Only if he doesn't eventually get the arm ripped off by the Red Skull's daughter in a cross over written by Matt Fraction.


----------



## Azgulor (Aug 5, 2011)

Couple of points:

*1.* Capt America rocked.  My favorite of the Marvel crop.

*2.* Like Raiders of the Lost Ark, I'd like to have seen some Nazis getting beat upon rather than just Hydra.  That said, I liked the Red Skull-Hydra set-up and it was obvious that it was still the Nazis who the Allies were fighting in WWII.  (In the Avengers cartoon, for example, it's the Allies figthting Hydra -- the Nazis are effectively retconned out of existence.)

*3.* An interview of Chris Evans that I saw said that his contract contains the options for 6 movies: 3 Avengers; 3 Captain America.  The studio doesn't have to make them, but if they do, Evans is wearing the Cap uniform.  This is important because...

*3a.* When the cube does its thing on the Skull, the stream has a very rainbow-esque appearance to it.  If they go with Cap 2 or 3, chances are good the Red Skull will reappear (having be transported _somewhere_ via the cube ala the Rainbow Bridge).

*3b.*  Bucky falling and being lost from sight is largely in sync with the comic-character's history.  I'm not saying Bucky will be back, but if they wanted to go the Winter Soldier route, they set it up so that the Winter Soldier origin wouldn't have to deviate too far from the comic version.


----------



## Azgulor (Aug 5, 2011)

As an aside, the biggest "what if" I took from the movie was will a Sharon Carter show up in either Avengers or a Cap2? -- and will Haley play that role as well?  I'm certainly hoping so -- she was great as Peggy Carter.  [And my wife's a sucker for the whole reincarnation/descendant looking like an ancestor/relative thing...  This is one of the few instances I'd agree.]


----------



## Rabulias (Aug 7, 2011)

Azgulor said:


> As an aside, the biggest "what if" I took from the movie was will a Sharon Carter show up in either Avengers or a Cap2? -- and will Haley play that role as well?  I'm certainly hoping so -- she was great as Peggy Carter.  [And my wife's a sucker for the whole reincarnation/descendant looking like an ancestor/relative thing...  This is one of the few instances I'd agree.]




[sblock]On IMDB, Amanda Righetti (who played the SHIELD agent that greeted Cap as he awoke in the modern era) is listed as playing Sharon Carter in The Avengers film.[/sblock]


----------



## Bullgrit (Aug 7, 2011)

Something that struck me as funny both times I saw this movie:

Stark (paraphrased): "It's made of vibranium.
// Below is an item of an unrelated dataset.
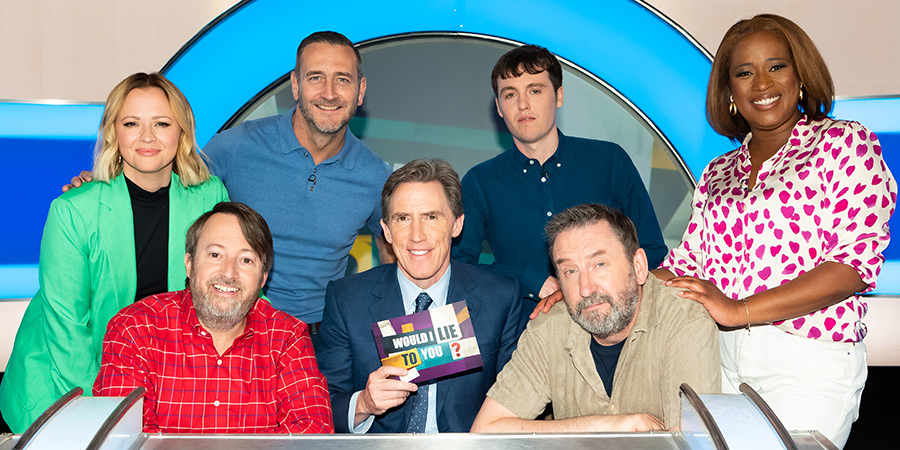 Would I Lie To You?. Image shows left to right: Kimberley Walsh, David Mitchell, Will Mellor, Rob Brydon, Sam Campbell, Lee Mack, Charlene White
It doesn't vibrate." At that moment and a couple more times in that scene, you hear the shield vibrating.

Then several times throughout the rest of the movie, you hear the shield vibrating.

If the sound effects guys couldn't just leave the shield sounds out, then at least the editors could have taken out the "It doesn't vibrate," line.

Bullgrit


----------



## Plane Sailing (Aug 7, 2011)

On that matter, the fact that it absorbs impact yet gets bowled over by dual-machine-gun-man in the train... so what was the point of vibranium again?


----------



## Welverin (Aug 7, 2011)

Plane Sailing said:


> On that matter, the fact that it absorbs impact yet gets bowled over by dual-machine-gun-man in the train... so what was the point of vibranium again?




It's nigh indestructible.


----------



## Ed_Laprade (Aug 7, 2011)

I finally saw this the other day and was very pleased. I don't know why so many people are put out about Cap fighting Hydra. As far as anyone knows (until near the end of the movie) they _are_ Nazis, like the SS and the Gestapo. In fact, its possible that the Nazis think they're still Nazis. With the allies straffing everything in sight and all the destruction going on (and the only Nazi officers who knew better being dead), they might have just assumed that Schmit never got the memo. 
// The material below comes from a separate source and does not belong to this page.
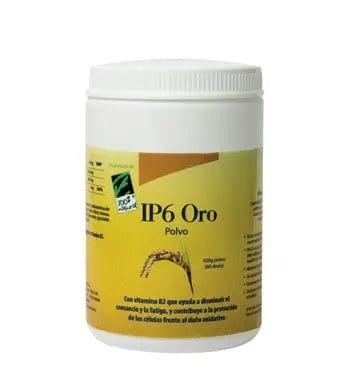 100% Natura Ip6 Oro Polvo by Jag Couture London - New York, 414g jar of natural gold-colored powder with textured lid and branding.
And, despite the fact that I'm usually a real nitpicker, there was only one thing that grated on me. That was HA calling herself Agent Carter while in uniform. I'm no expert on military protocol, but that just seemed *wrong* to me! Otherwise she was excellent in the role. And that probably wasn't her fault anyway.


----------



## MarkB (Aug 7, 2011)

Bullgrit said:


> Something that struck me as funny both times I saw this movie:
> 
> Stark (paraphrased): "It's made of vibranium. It doesn't vibrate." At that moment and a couple more times in that scene, you hear the shield vibrating.
> 
> ...




It's not "it doesn't vibrate", it's "it absorbs vibration". So when Peggy shoots it point-blank, the bullets' momentum is absorbed and they fall to the floor instead of bouncing back and killing her or Stark. Likewise, the energy of Hydra's cube-powered weapons gets absorbed instead of disintegrating the shield and Cap.
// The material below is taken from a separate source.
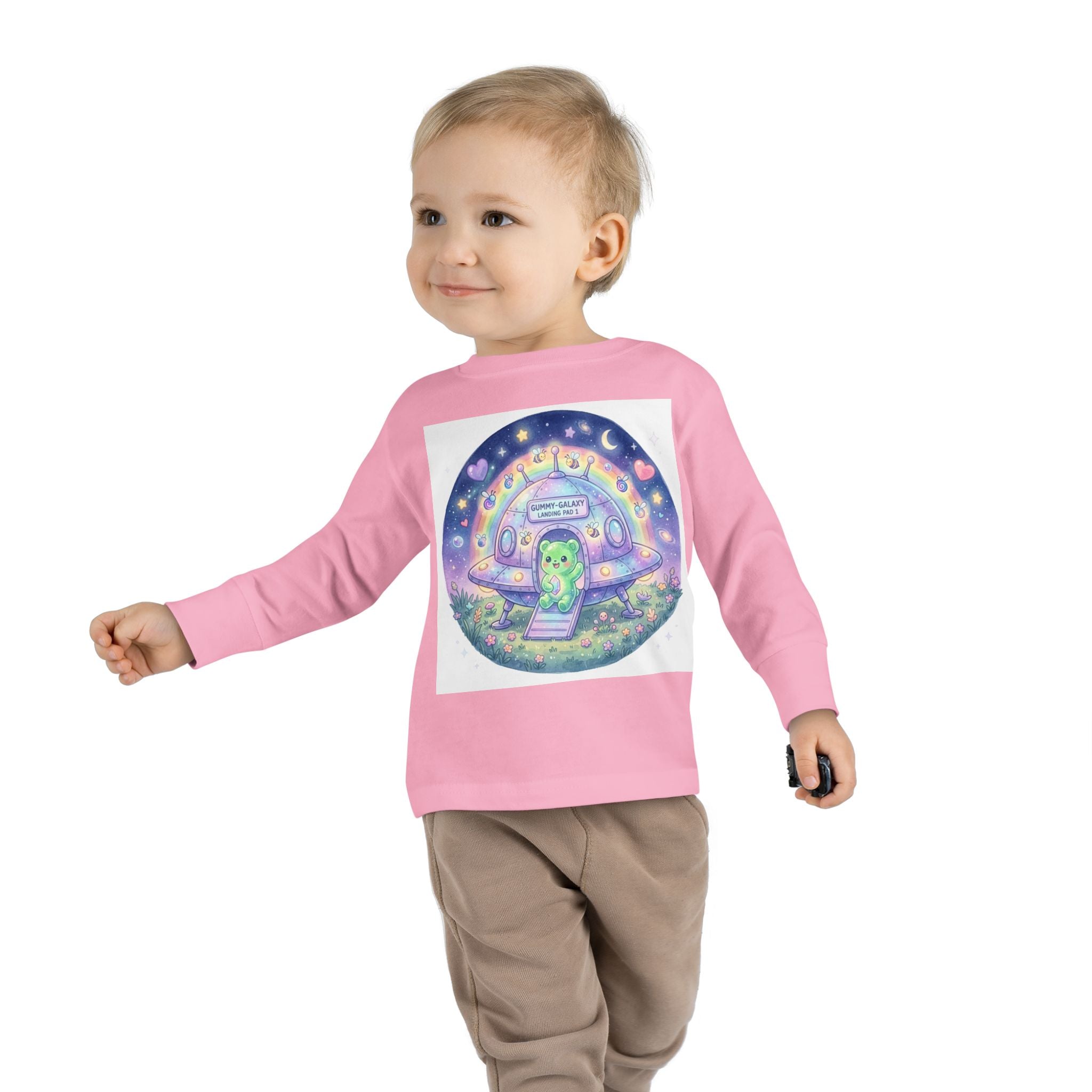 Cute Alien UFO Nightscape Oozy Bear Special- Graphic Long Sleeve Shirt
There's nothing to say that the shield itself won't vibrate - in fact, given all the kinetic energy it's absorbing, it's a testament to Cap's strength that it doesn't vibrate _more_.


----------



## Welverin (Aug 7, 2011)

Ed_Laprade said:


> I don't know why so many people are put out about Cap fighting Hydra. As far as anyone knows (until near the end of the movie) they _are_ Nazis, like the SS and the Gestapo.




Yes, but we know they're Hydra and not Nazis, so for someone who wants to see Cap fighting his historical villains it's a let down.


----------



## Plane Sailing (Aug 7, 2011)

Welverin said:


> It's nigh indestructible.




I think you're missing my point


----------



## Relique du Madde (Aug 8, 2011)

Plane Sailing said:


> On that matter, the fact that it absorbs impact yet gets bowled over by dual-machine-gun-man in the train...




Bucky failed his balance check as the train hit an uneven rail while going around a hairpin turn.  It was just coincidental that the guy was firing at Bucky when it happened.


----------



## Mark CMG (Aug 8, 2011)

Welverin said:


> Yes, but we know they're Hydra and not Nazis, so for someone who wants to see Cap fighting his historical villains it's a let down.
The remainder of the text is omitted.